Mary Gwendoline Salmond, also known as Gwen Salmond (1877-1958), was a British artist. She was the daughter of Major General William Salmond and wife of Sir Matthew Smith.

==Early life==
Salmond was the daughter of Major General William Salmond and Lady Emma Mary H. Hoyle Salmond. She became an artist against the "strictly bourgeois plans" of her parents. Her siblings were Emma, Gladys, Geoffrey, and John.

==Education==
Salmond studied at Slade School of Art where her friends included Gwen John and Ursula Tyrwhitt. Other students in the class of 1895, aside from Salmond and John, were Ida Nettleship and Edna Waugh.

"Being immersed in the Parisian artistic milieu the three young women were particularly drawn by the desire to participate in the creation of a new feminine artistic identity."
— Maria Tamboukou

She went to Paris in the winter of 1898–1899 with Nettleship and John to further their education.

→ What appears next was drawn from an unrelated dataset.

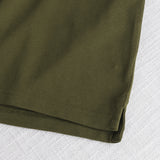 100% Cotton Piqué Polo - Dark Olive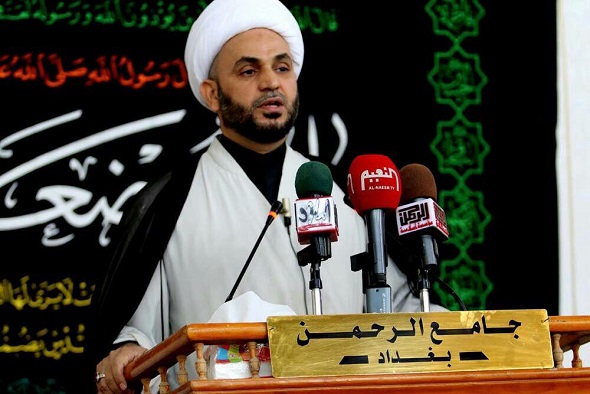 خطيب الجمعة في بغداد يدعو لتفعيل "شرطة الآداب"  وتحقيق العدالة الاجتماعية في البلاد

They studied at the Académie Carmen, where James Abbott McNeill Whistler taught and Salmond paid John's fees. While there, the women made paintings of each other and self-portraits. Gwen John painted Nettleship and Salmond in Interior with Figures, which has been said to be "symbolic of modern Parisian life." Brian Louis Pearce and Nettleship lived in a flat on Rue Froidveau.

Augustus John, Gwen John's brother, said that these women were the "stars of his generation."

==Marriage and children==
Salmond met fellow artist Matthew Smith in 1907 in Whitby and she became his "greatest mentor." In 1912, she married Smith and they had two sons together, Mark (1915–1940) and Dermot (1916–1941). Their marriage was not happy; he left her permanently in 1922 but they never divorced, and he was always a strong supporter of her work. It was Salmond who raised the boys. Smith left his wife and sons because he felt they were "stifling his career."

Both sons served in the Royal Air Force during World War II and were killed during the war.

==Career==
Her works were exhibited at Leicester Galleries, Royal Academy and the New English Art Club (NEAC).

Her considerable skills as a draughtswoman made her much in demand as a teacher of drawing. Salmond taught at the Chelsea Art School, which was managed by her friends Augustus John and William Orpen from the Slade, London County Council and Clapham Art School.